Growing up in a neighborhood where there was no specific race that dominated the area, I always found a place where I could fit in with people who were similar to me in one way or another.
At first, I made friends with some of the white kids. Our carefree yet naive minds allowed us to frolic about on the playground together. When both sides started to mature, we grew aware of the awkward divide between the people of color and whites of the real world. We could not sit with the “popular” kids at lunch. They only used my friends and me for answers to the toughest math problems or summaries of the longest English chapters. Both groups in my grade pushed each other into corners, isolated from one another.
Recently in my US history class, we learned about the Chinese Exclusion Act of 1882, and previous to the course, I had never heard much about this. In middle school, my literature teacher briefly brushed over the Japanese Internment during World War 2. I believe that ethnic study classes are slowly gaining traction in the US school system, however, Asian Americans still remain largely erased from the history they played a large role in.
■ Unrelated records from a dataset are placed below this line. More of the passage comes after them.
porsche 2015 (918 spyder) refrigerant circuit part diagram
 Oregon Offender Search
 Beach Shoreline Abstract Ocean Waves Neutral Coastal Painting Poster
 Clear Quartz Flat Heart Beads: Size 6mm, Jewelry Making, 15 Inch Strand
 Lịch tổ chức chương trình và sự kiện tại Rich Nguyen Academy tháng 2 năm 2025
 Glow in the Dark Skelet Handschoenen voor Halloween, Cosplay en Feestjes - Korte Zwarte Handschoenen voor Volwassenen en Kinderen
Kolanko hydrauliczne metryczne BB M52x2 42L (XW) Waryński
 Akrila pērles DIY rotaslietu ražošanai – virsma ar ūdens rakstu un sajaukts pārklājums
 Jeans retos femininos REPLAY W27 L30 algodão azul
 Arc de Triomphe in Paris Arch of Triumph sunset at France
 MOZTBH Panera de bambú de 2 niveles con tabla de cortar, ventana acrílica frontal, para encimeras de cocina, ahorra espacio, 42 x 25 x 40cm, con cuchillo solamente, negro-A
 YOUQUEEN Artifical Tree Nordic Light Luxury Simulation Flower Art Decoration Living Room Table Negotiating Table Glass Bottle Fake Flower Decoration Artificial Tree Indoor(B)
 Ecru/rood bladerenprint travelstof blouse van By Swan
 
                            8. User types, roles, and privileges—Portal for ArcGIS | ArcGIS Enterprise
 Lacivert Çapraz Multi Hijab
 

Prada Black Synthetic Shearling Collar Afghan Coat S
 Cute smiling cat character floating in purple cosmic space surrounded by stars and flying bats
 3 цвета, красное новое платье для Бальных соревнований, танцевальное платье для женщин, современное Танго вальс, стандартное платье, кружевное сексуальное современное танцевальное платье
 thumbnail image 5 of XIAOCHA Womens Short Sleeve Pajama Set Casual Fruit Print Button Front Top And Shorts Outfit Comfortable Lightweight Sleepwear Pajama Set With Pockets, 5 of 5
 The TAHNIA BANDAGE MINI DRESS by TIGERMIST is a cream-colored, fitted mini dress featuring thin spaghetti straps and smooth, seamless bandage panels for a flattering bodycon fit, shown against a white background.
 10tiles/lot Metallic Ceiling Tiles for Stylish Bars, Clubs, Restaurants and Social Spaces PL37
I still remember my fourth-grade social studies project— our class was studying the Gold Rush, something all California fourth-graders learned. I was excited because I had asked to research Chinese immigrants during that era. Growing up in California, I knew that “San Francisco” translated to “Gold Mountain” in Chinese. The name had stuck ever since Chinese immigrants arrived on the shores of Northern California in the 1850s, eager to try their luck in the gold mines. Now I’d have the chance to learn about them. My excitement was short-lived. I remember heading to the library with my class and asking for help. I remember the librarian’s hesitation. She finally led me past row after row of books, to a corner of the library where she pulled an oversized book off the shelf. She checked the index and flipped to a page about early Chinese immigrants in California. That was it. One page. In my entire school library that was it. It was around that time that I began questioning how I, as a 10-year-old Asian American boy, fit in. It seemed I didn’t. The history books didn’t include Chinese Americans or Asian Americans as a whole. With the exception of a few token roles, Asian Americans were invisible on television and film. Although the role of Asian Americans and their importance in society has definitely improved over the years, when I sit in my history classroom, I am still not sure how Asian Americans like myself, became part of the fabric of the United States.
I used to think that history was all facts, that it was just black and white with nothing in between, but it is far from that. The way history is taught in our classrooms is problematic as textbooks continue to glorify white people who have supported and contributed to slavery. What these textbooks fail to include is the history and oppression of people of color. When thinking about US history as a whole, the textbooks used in our school system is pretty much limited to slavery and the civil war, Jim Crow laws, and the Civil Rights Movement- all of which are told from an exclusively white perspective. They teach us that slavery is over while failing to talk about prison labor; they tell us that the Civil Rights Movement gave everyone the right to vote, but don’t talk about voter suppression; the list goes on and on. It is our job as a generation to educate the next generation on all aspects of culture and the differences that these history books fail to teach.
Experiences like these fuel my passion for making a change in our community, specifically the younger generations. Introducing and welcoming cultural differences in young children could go a long way in our future of acceptance and the embracement of diversity.